Monday, November 5, 2012

Is there such thing as Ugandan English?


Recently I spoke to a postgrad student here who is interested in the question of whether the English spoken in Uganda should be called 'Ugandan English' or not. Is it a dialect of English? My observation so far, after 6 weeks in Kampala, is that the English spoken here has some systematic differences from other Englishes at pretty much every linguistic level - phonology, wording and grammar, and semantics. So I'd say it's a specific dialect (although I'd be interested to see how it differs from the English spoken in neighbouring Kenya and Tanzania). I have been posting some of my observations of local expressions over the past few weeks (here and here) and thought I'd start to organise them a bit more. I'll start with phonology this time (using as much common-sense language as possible, and no phonetic symbols, for the benefit of non-linguists reading this).


Vowels: The phonological (sound) systems of the Bantu languages spoken in Uganda have only 5 vowels, and a couple of diphthongs, which means that the 20+ vowels in English are usually reduced to these five when speaking English. Vowels such as the 'a' in 'hat' and the 'ur' in 'hurt' do not occur in Luganda (for example) and so they are both approximated to the vowel 'a' as in 'hut'. So the words 'hat', 'hut', 'hurt' and 'heart' all sound much the same (as 'hut'), although sometimes there is a longer vowel in 'heart' and 'hurt' than 'hat' and 'hut'. Likewise the vowels in 'sin' and 'seen' are pronounced the same, as in 'sin'. Also, the 'schwa' vowel that is used in unstressed syllables in English (like the 'a' in 'again' or the 'e' in 'written') is not used, so all vowels are given their full value (again as 'egen', written as 'writ-ehn'). This also affects the rhythm of speech, as there are not as many unstressed syllables.

Consonants: I have only noticed a couple of things so far. One is the 'k' sound, when in combination with 'i' or 'y' sounds, is pronounced as 'ch', e.g. 'particular' is often pronounced as 'particular' (rather than 'partikyular'). I think this is because in some of the local languages, e.g. Luganda and Runyakitara, 'k' is always pronounced 'ch' before 'i' or 'y'. The name 'Runyakitara', for example, is pronounced 'Runyachitara'. It seems that not all varieties of the languages do this, as I've also heard 'Runyakitara'. Another is the sounds 'l' and 'r'. I haven't quite worked out the status of these sounds in the local languages, but I think it's a bit like in Japanese, where the two sounds are not recognised as different sounds but the same 'sound unit' (phoneme) that is pronounced a bit differently depending on the other sounds around it. As with many other world languages, Luganda and other Bantu languages do not have the 'th' sounds as in English 'thin' and 'this', so I think they are usually replaced with 's' for the sound in 'thin' and 'd' for the sound in 'this'.

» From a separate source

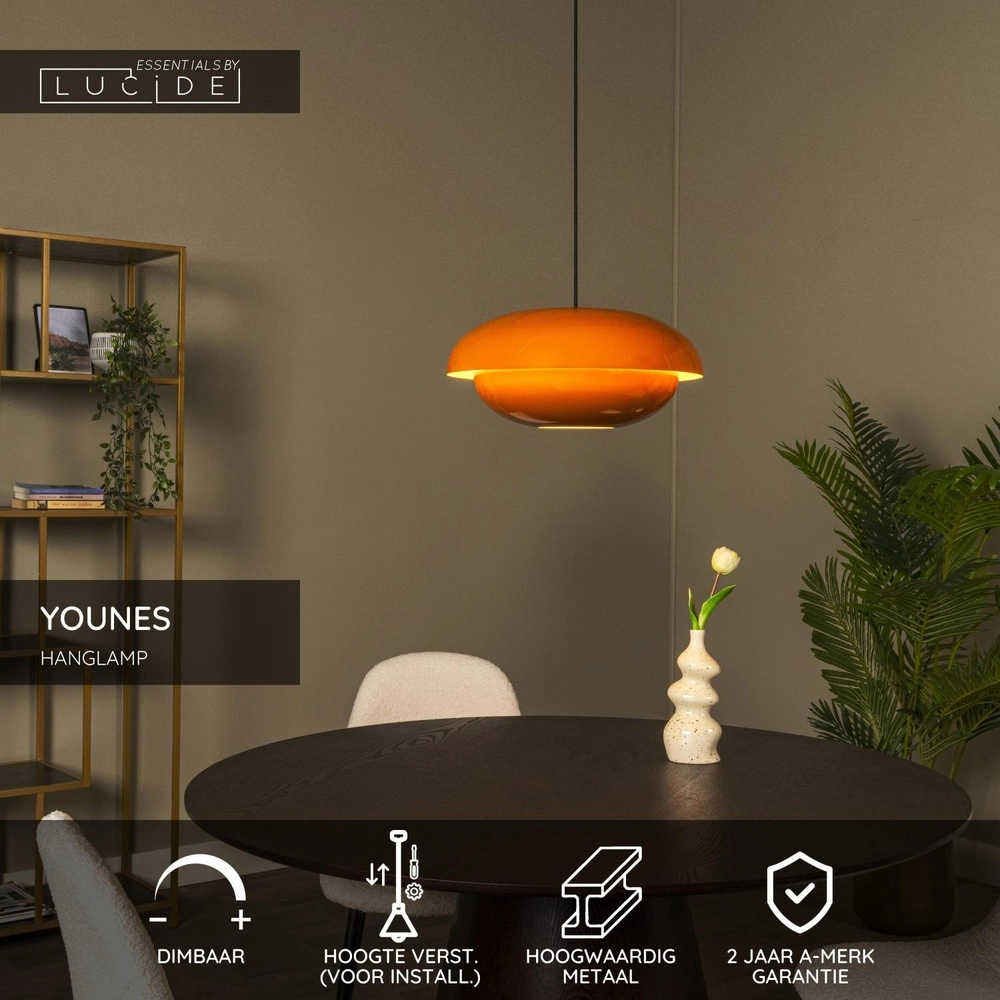 Lampe suspendue Younes Ø 40 cm orange Lucide 5411212650191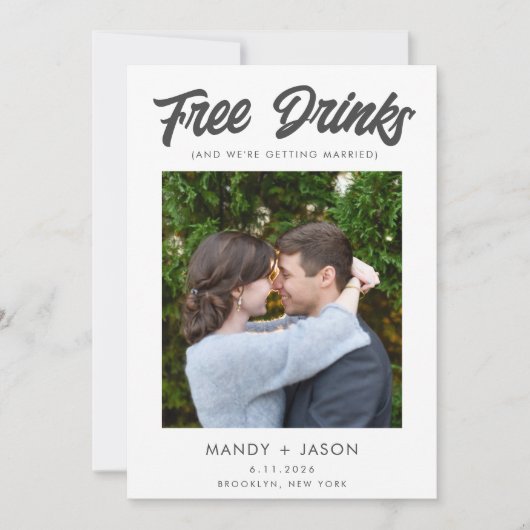 Schwarz-weißes Foto Hochzeit speichern Sie das Dat Save The Date (Vorderseite)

Intonation: I'm no expert on intonation so it's hard to describe the difference, but I know it's different!

Rhythm: As mentioned above, because the 'schwa' vowel is not used, the rhythm of English spoken here is a bit different. It's not quite the even syllabic rhythm of French (as heard in this cute video), but it's also not quite the 'dum-di-dum' rhythm of British, American (as heard in this amusing video), or Australian (etc) English.